Friday, June 22, 2018

Rembrandt's Shadow Paperback – September 20, 2016 by Janet Lee Berg (Post Hill Press)



This sensitive, engaging novel is a lovely and quite serious read. It tells the stories of two women—of Sylvie, the indulged daughter of a prominent wealthy art collector in Holland, whose world and life is shattered and irremediably changed by the Nazis, and, thirty years later, of Angela,who also has had tragedy and loss in her background. Their stories are beautifully intertwined as they come to terms with their histories, their present-day selves, and each other.

This novel is based on fact and fits in with the genre of World War II novels and memoirs---All the Light You Cannot See, Sarah's Key, and A World Elsewhere come most readily to mind—that document the Holocaust up close, through the experiences of individuals.
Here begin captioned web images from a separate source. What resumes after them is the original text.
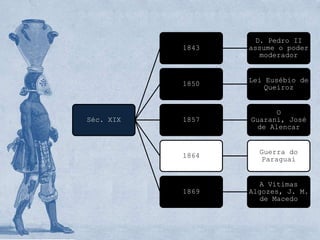 D. Pedro II
           1843   assume o poder
                     moderador


                  Lei Eusébio de
           1850
                     Queiroz


                        O
Séc. XIX   1857   Guarani, José
                   de Alencar


                    Guerra do
           1864
                    Paraguai


                    A Vítimas
           1869   Algozes, J. M.
                    de Macedo
 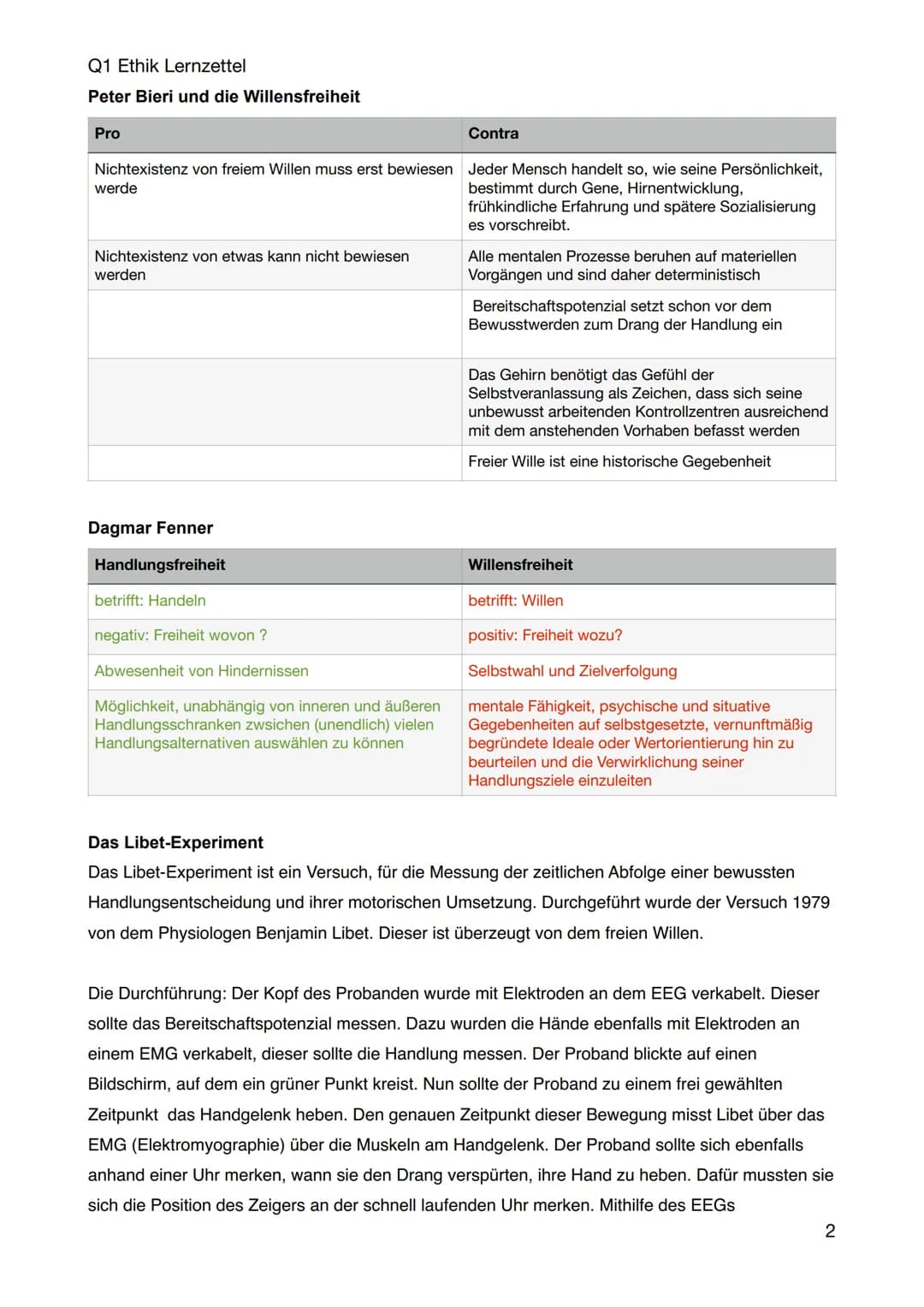 Q1 Ethik Lernzettel
Begriff
Determinismus
Kausalität
Grund
Folge
Ursache
Wirkung
Willensfreiheit
Handlungsfreiheit
Indeterminismus
Wille
Fre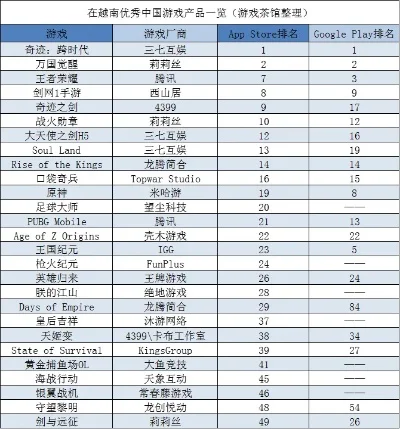 大逃杀仙侠类手游排行榜-仙侠手游体验评析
The atrocities and affronts that took place during the Holocaust should never, I believe, be forgotten, and literature is one way of making sure that they will be remembered. 1940-42 were years when people were driven to extraordinary acts of desperation, and that Rembrandt's Shadow is based on fact—on the author's husband's family history---makes it especially convincing and important.

Janet Lee Berg has deftly and superbly combined fiction and history. I recommend Rembrandt's Shadow highly.